I remember when I was in school. Back in the 1950s, we had play time at school: unsupervised time to play with blocks and logs, and even tumble weed to build forts. We made things with clay made from ordinary kitchen flour. We went to the beach and spent hours building sand castles. At school, we played in the sand box, or on the gym set. It was not regulated as during a physical ed class. Older children would play tag or practice spinning balls or skip flat rocks over the river water. Parents serving as playground supervisors would volunteer to watch over us so that no one would get hurt while the teachers were busy setting up the next exercises in the classroom.

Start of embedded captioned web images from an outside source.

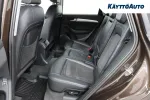 AUDI Q5 XVV-987 carousel thumbs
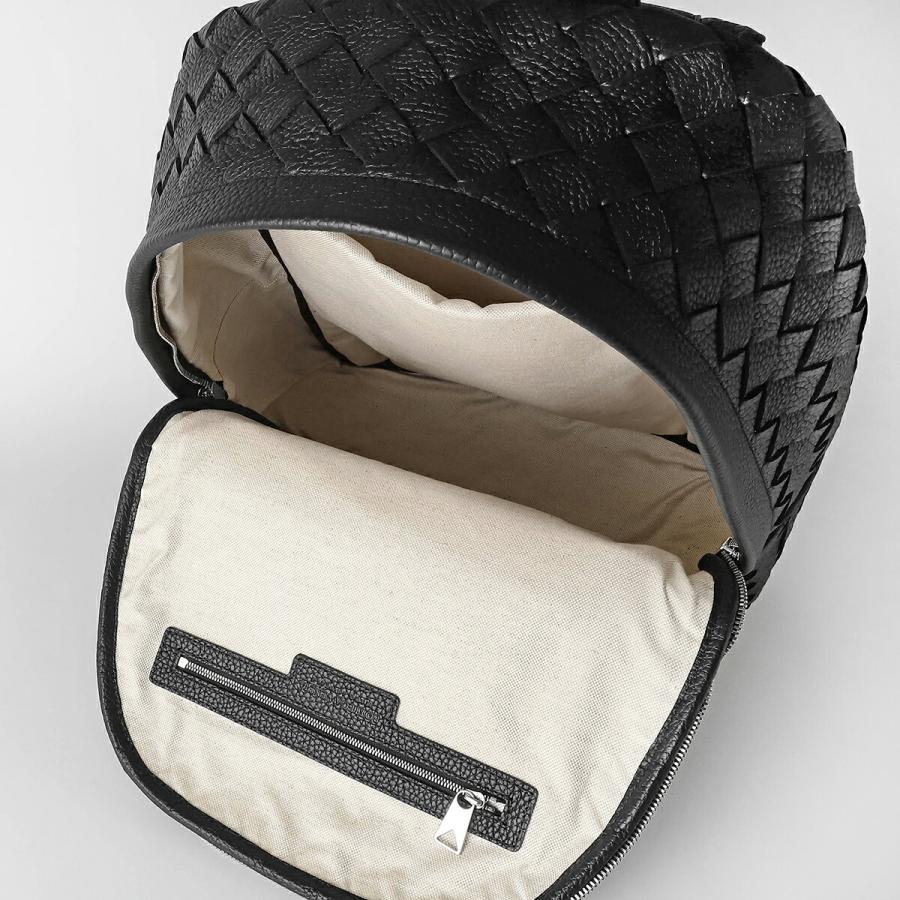 BOTTEGA VENETA 並行輸入 ボッテガヴェネタ リュックサック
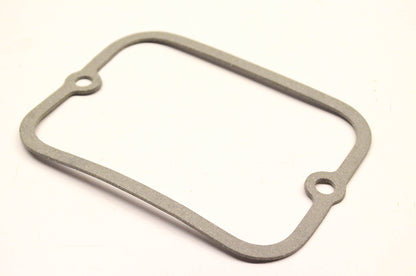 Kohler 45-041-09, 45 041 09 Gasket NOS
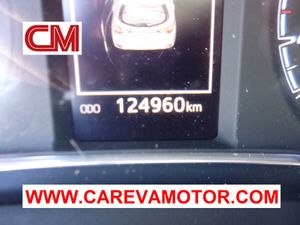 Toyota Yaris 1.5 HIBRID AUT 100CV ACTIVE 5P   - Foto 20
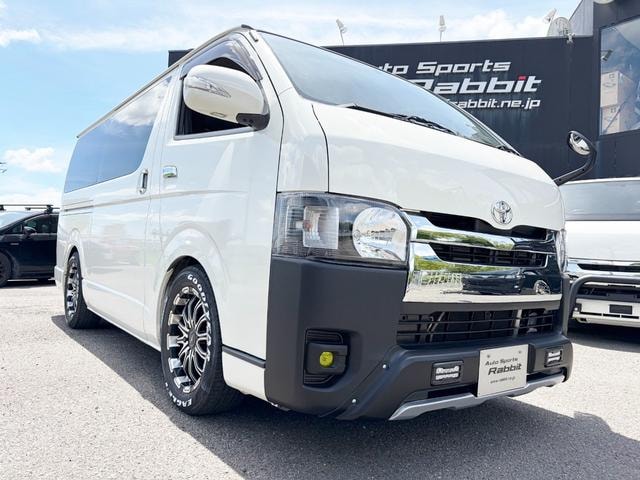 Миниатюра 19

Play time in the snow was wonderful. We made the typical snowmen or rolled up and compacted snow to build warm forts with tall walls, which protected us from the cold wind. We would make complex tracks on a small hill in which to slide those circular sleds made from garbage can lids. On such track ended up in an irrigation ditch filled with ice with a six foot cushion of snow. Our parents cringed, but it was so much fun and free. No admission fees. It was the best playtime we had that year as a neighborhood. I doubt that could be done today as ditches in cities must be fenced and are regulated by the Building and Safety, by adults who do not have the time to watch children play.

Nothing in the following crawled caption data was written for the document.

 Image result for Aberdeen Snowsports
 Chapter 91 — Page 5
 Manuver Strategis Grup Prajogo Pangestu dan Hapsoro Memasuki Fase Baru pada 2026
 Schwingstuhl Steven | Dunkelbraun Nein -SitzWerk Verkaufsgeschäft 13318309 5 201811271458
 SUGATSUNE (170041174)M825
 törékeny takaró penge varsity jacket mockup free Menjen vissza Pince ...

Indoor rainy day play was the best time, as our teachers brought out boxes of simple toys: feathers to make Native American headdresses, trimmings to make clothes used in creative dramatics, paper to make boxes and birds, fabrics to make pirate cloths and ghost costumes, stuff that most adults would toss out as junk, but that children would beg them to keep.
At camp, they would give us a box filled with clothing and scarves. We were told to stage a play on any topic. It was called creative dramatics, but was not part of a course. I remember entertaining my folks and neighhors with staged plays. We would spend hours rehearsing. Then would come the dress rehearsals. We would critique ourselves. Boys would play celebrating Mass, while girls would take a doll and play mommy, or wear a scarf and be Sister Victoria teaching addition and subtraction.
Play was very important as it inspired us to become engineers, teachers, priests, nuns, mothers, fathers, doctors, lawyers, etc.